元受刑者を受け入れることは、そう容易いことではない。しかし、草刈社長は苦労もいとわず、受け入れた若者たちがたとえ問題を起こしても、決して見捨てることはない。その強い信念の底にあるものとは? また再犯率低下のために何が必要かを、草刈社長本人にインタビューした。
「職親プロジェクト」とは
平成30年版「犯罪白書」~進む高齢化と犯罪~によれば、初犯者・再犯者ともに減少傾向にあるものの、再犯率は増加の一途をたどっており、平成29年には48.7%と、検挙者の約2人に1人が再犯者という結果となっている。

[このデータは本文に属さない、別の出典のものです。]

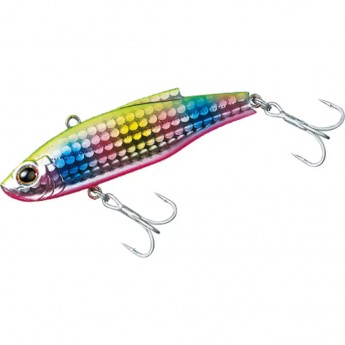 Воблер DAIWA Morethan Salt Vib 80S (21 г) Chart Pink Belly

再犯率の増加の要因は、出所者の多くが「所持金が少ないため、部屋を借りるお金が無く、以前過ごしていた環境から脱することができない」また「前科があることで受け入れられる企業も少なく、働こうにも働けない環境」などがあるという。
日本財団職親プロジェクトは、こうした状況を受け、再犯を防ぐため、そして犯罪で悲しむ人々を増やさないため、「就労」「教育」「住居」「仲間づくり」の視点で刑務所出所者、少年院出院者一人ひとりの更生を参加企業みんなで支えるプロジェクトだ。
その参加企業の一つが、カンサイ建装工業株式会社である。
刑務所出所者、少年院出院者を受け入れ、自社で働かせ、住居も仲間も用意。そして何より、草刈社長が“第二の親”になってくれるという、心強いメリット付きである。

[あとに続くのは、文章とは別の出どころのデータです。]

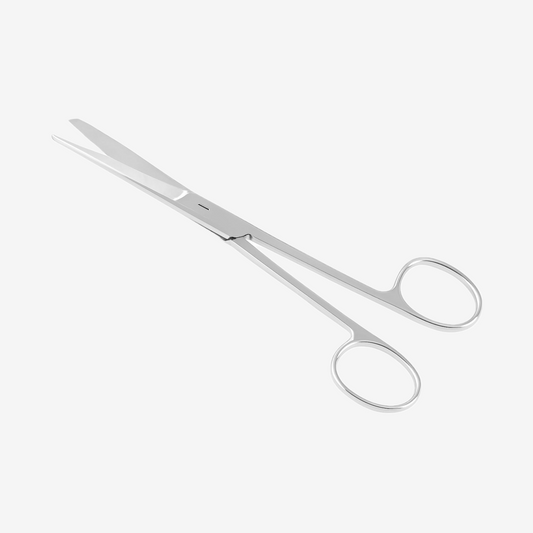 Tesoura Cirúrgica Romba/Romba Reta 11,5cm - Safer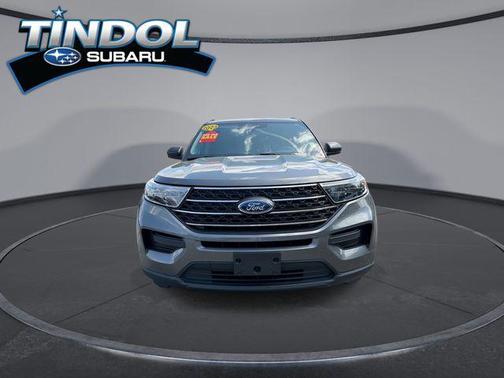 CARBONIZED GRAY METALLIC 2023 Ford Explorer XLT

先刻発売された、草刈社長のノンフィクションルポタージュ「お前の親になったる 被害者と加害者のドキュメント」では、その職親プロジェクトでの草刈社長の思い、行動、葛藤などを知ることができる。
決して見捨てない。その精神の源泉とは?
一度犯罪を犯した者には、それぞれ複雑な事情がある。日々、彼らが原因で、色んな事件が起きる。しかし草刈社長は、受け入れた者たちがどんなに問題を起こして、先が見えなくなっても、絶対に見捨てない。通常であれば、とっくにさじを投げているレベルであってもだ。その精神と決意はどこからくるのか。

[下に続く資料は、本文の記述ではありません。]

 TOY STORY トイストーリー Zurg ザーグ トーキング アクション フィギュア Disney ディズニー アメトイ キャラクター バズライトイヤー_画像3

草刈社長:活動は、すべて自分自身のために行っています。就労者を見て、接することが自身の生きていく糧となっています。それは、ギブ、ギブ、ギブしていたらテイクが返ってくると確信したからであり、誰もしたがらないことが有形無形(心、人、物、金)の資産になると感じたからです。
加害者を作らないことが、被害者を増やさないことにつながると信じ、活動しています。2005年、脚本家を目指して米国に留学中だった妹が、同居していた米国人の男に殺害されました。その後、青年会議所の活動でカンボジアに行き、東日本大震災の現状を目の当たりにし、いろんな出会いの中で、職親プロジェクトに関わることになりました。
お世話になった方に頼まれて始めたので断れず、頃合いを見てやめようと思っていた職親プロジェクトでしたが、妹を殺され、どん底の私でした。しかしカンボジアや東日本大震災で、大変な想いをしながら生活している人に会う中で、私の想いも少し変わり、職親プロジェクトに私を誘った方が、私の妹の件を知らなかったということを知り、職親プロジェクトの参加が必然で、妹に託されたものであると確信しました。
覚悟を決めて取り組んでいた職親プロジェクトですが、就労者を受け入れ、仕事と住居を与え、それぞれに起きることに付き合う中で、1人、また1人と成功例ができたことが、今日続いている理由かもしれません。
また、ある方に「因果応報」と言う言葉を教えていただきました。「因」は原因の「因」。「果」は結果の「果」。結果だけ求めると内容がないために薄いものになります。しかし、時間をかけて原因を調べれば、すべてが理解できるとのこと。そして、どんな原因にも結果があり、「縁」でつながっているそうです。このことを知ったことで、改善へのとっかかりを見つけたように思いました。